===== Records to process
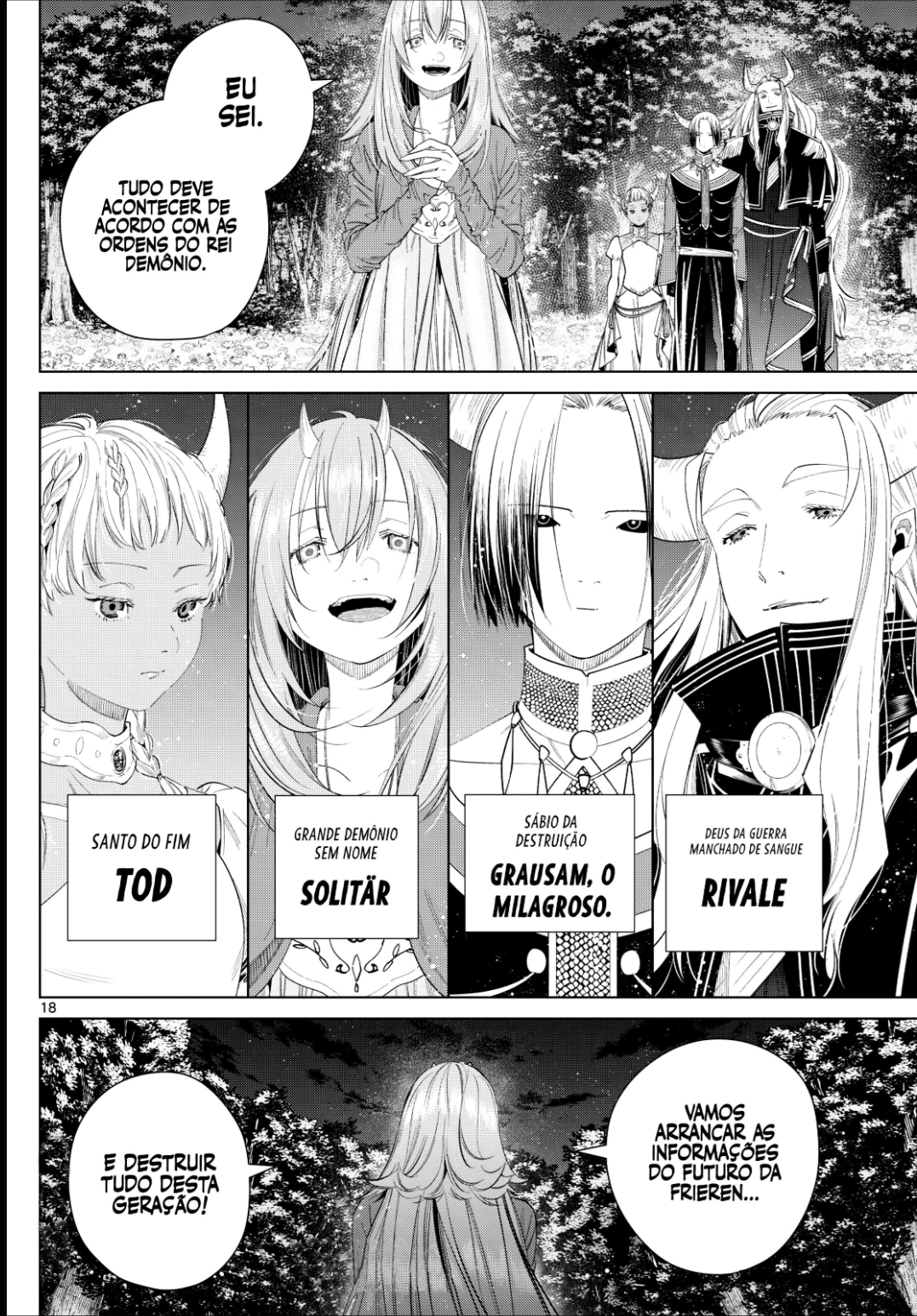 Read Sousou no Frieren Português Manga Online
==========
===== Records to process
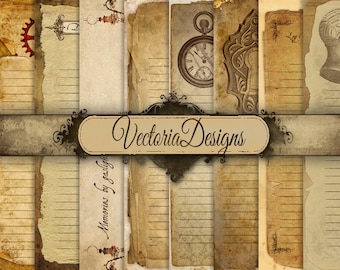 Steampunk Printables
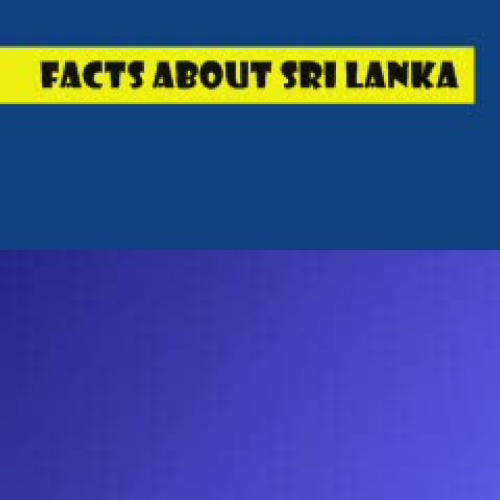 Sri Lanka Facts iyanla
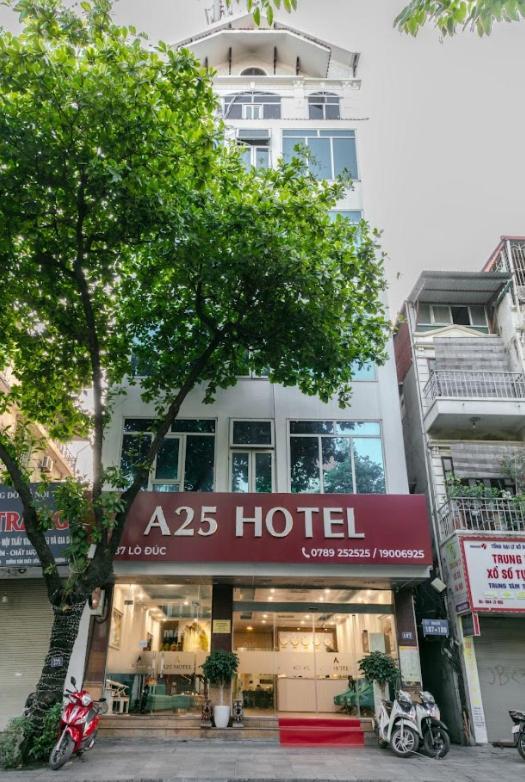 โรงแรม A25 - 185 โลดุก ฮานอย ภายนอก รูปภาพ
==========
===== Records to process
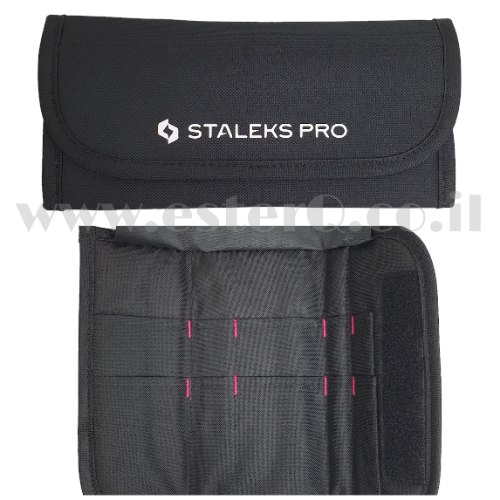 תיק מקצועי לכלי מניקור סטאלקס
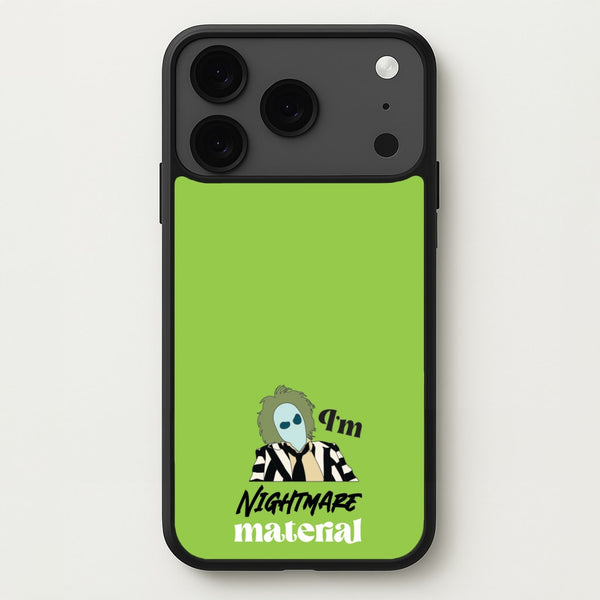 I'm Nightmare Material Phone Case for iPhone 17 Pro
==========
What needs to be done | Only one stretch of the listing is wanted: the lines starting at the one with "Steampunk Printables" and ending at the one with "โรงแรม A25 - 185 โลดุก ฮานอย ภายนอก รูปภาพ", copied exactly and free of pictures.

Solution |
 Steampunk Printables
 Sri Lanka Facts iyanla
 โรงแรม A25 - 185 โลดุก ฮานอย ภายนอก รูปภาพ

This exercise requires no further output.